Eq. 6 shows that the fluid response u(x) is entirely dependent on the instantaneous motion and the configuration of sperm cells. In turn, the hydrodynamic force ${}^i{\mathbf{f}}_k$ is obtained using Eq. 6, where the velocity u(x) is derived from the experimental measurements of the time-dependent locomotion of the sperm cells.

Over one beat cycle T (discretized into 32 time steps), the time-averaged hydrodynamic force on the ith cell 〈ⁱF〉 is given by

$$\begin{array}{c}\hfill {\langle }^i\mathbf{F}\rangle =\frac{1}{32}\sum _{t=1}^{32}\sum _{k=1}^N{}^i{\mathbf{f}}_k\left(t\right).\end{array}$$ [9]

The time-averaged hydrodynamic force is used to characterize the net displacement of sperm cells over one beat cycle.

Calculation of the Propulsive Thrust of Flagella.

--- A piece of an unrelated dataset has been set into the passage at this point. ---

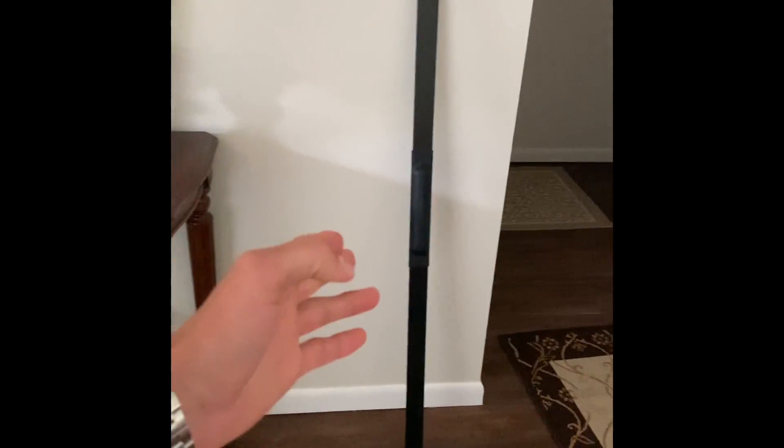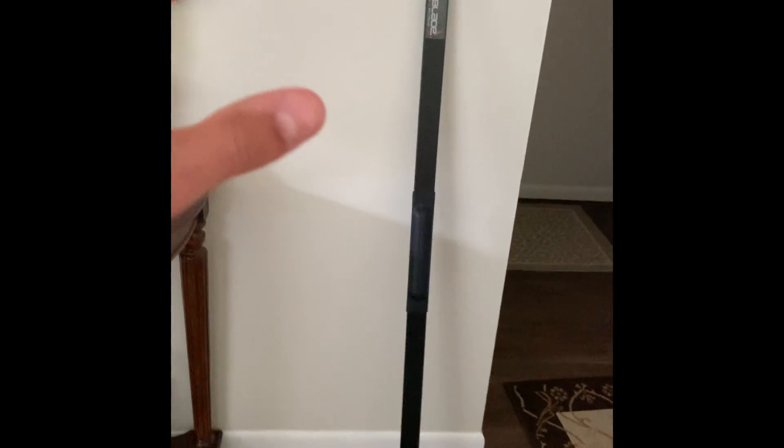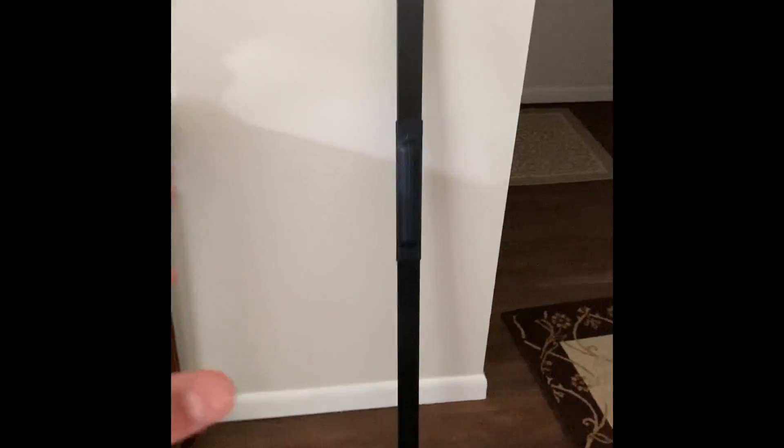Hey everyone, today I'm going to show you the Body Blade. This is just a quick review on this thing. I've been using this for many years and it is such a unique workout tool.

The propulsive thrust generated by the ith flagellum with length of L_i is computed using the resistive-force theory (42),

$$\begin{array}{c}{}^i{\mathbf{F}}_{\text{T}}=\underset{0}{\overset{L_i}{\int }}\left[{\xi }_{\perp }{}^i{\mathbf{v}}_{\perp }(s,t)+{\xi }_{\Vert }{}^i{\mathbf{v}}_{\Vert }(s,t)\right]\text{d}s,\end{array}$$ [10]

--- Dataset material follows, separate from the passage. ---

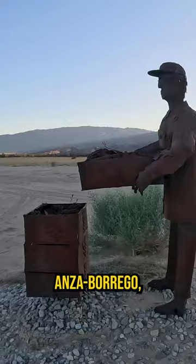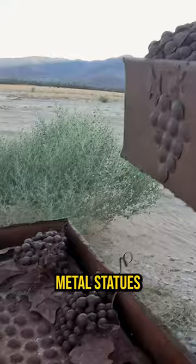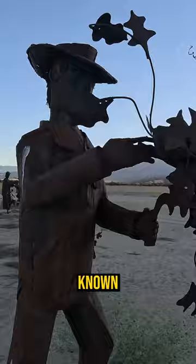Did you know out in the middle of nowhere in Anza Borrego, California, there's a ton of these metal statues all over the desert? There are hundreds of them scattered through the entire town, and they're created by an artist known as Ricardo Brasida.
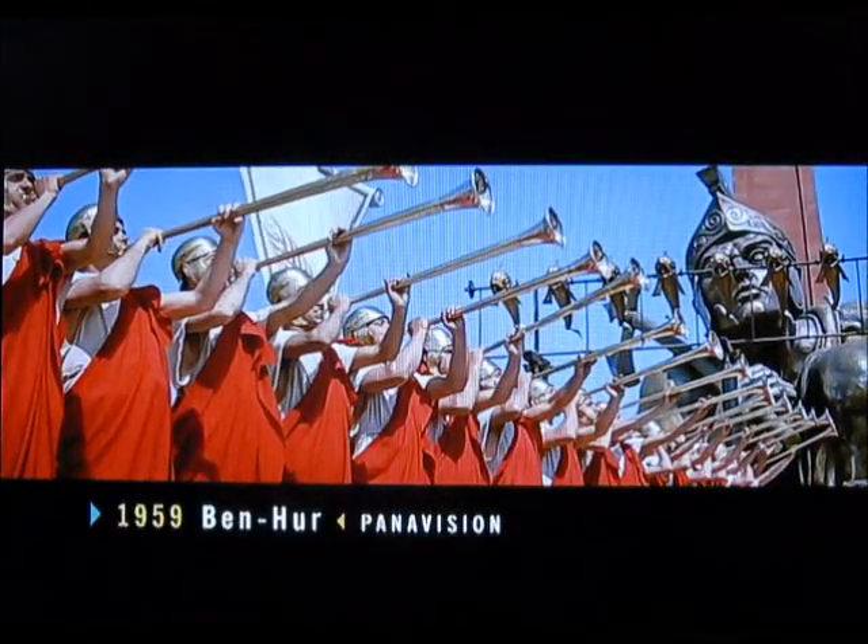Take a film like Ben-Hur, the William Wyler film. The chariot sequence is one of the greatest action sequences ever done in movies. Ben-Hur is driving four horses, but very often you'll find that there'll only be two in the frame. You lose the effect of all the stunt work in that sequence, which is one of the great climactic sequences in all of cinema — reduced to a confused blur. I get the heebie-jeebies thinking about Ben-Hur panned and scanned. It isn't Ben-Hur.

where ξ_⊥ and ξ_∥ are the friction coefficients, and ${}^i{\mathbf{v}}_{\perp }$ and ${}^i{\mathbf{v}}_{\Vert }$ are the local normal and parallel velocity components along the ith flagellum, respectively. The velocity ${}^i{\mathbf{v}}_{\perp }$ and ${}^i{\mathbf{v}}_{\Vert }$ are obtained by the force balance on the head and the flagellum as well as the torque balance described in Eq. 1 (38, 42):

$$\begin{array}{c}\hfill 6\pi \mu a{C}_2{}^i{v}_x={}^i{\mathbf{F}}_{\mathrm{T}}·{}^i{\mathbf{e}}_1,6\pi \mu a{C}_3{}^i{v}_y={}^i{\mathbf{F}}_{\mathrm{T}}·{}^i{\mathbf{e}}_2,\end{array}$$ [11]

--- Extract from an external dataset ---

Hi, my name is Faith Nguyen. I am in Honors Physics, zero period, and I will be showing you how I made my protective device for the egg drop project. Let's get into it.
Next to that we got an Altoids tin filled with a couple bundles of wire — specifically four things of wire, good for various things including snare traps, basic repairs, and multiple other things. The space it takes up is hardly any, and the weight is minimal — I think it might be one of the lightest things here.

where C₂ and C₃ are the friction coefficients on the head, and ⁱv_x and ⁱv_y are the velocity of the head along the x-axis and y-axis, respectively.

Supplementary Material

Appendix 01 (PDF)

Movie S1.

Assembly of spermatozoa in the high-viscosity medium of 15mPas. Two individual spermatozoa first come into contact during the far field–locking phase, then rotate to form an aligned configuration during the rotational-oscillation phase. Finally, the rigid head-to-head attachment stops the relative rotation of the heads and leads to the synchronized flagellar beat, whereby the swimming velocity is enhanced significantly.

Movie S2.

Assembly of spermatozoa in the low-viscosity medium of 1.2mPas. A similar transition from two individual cells to a bundle is recorded. However, the head-to-head attachment is not rigid sufficiently for the cells to form a steady configuration, and thereby the enhancement in the swimming velocity of cells is not 19 achieved.

Data, Materials, and Software Availability

All study data are included in the article and/or SI Appendix.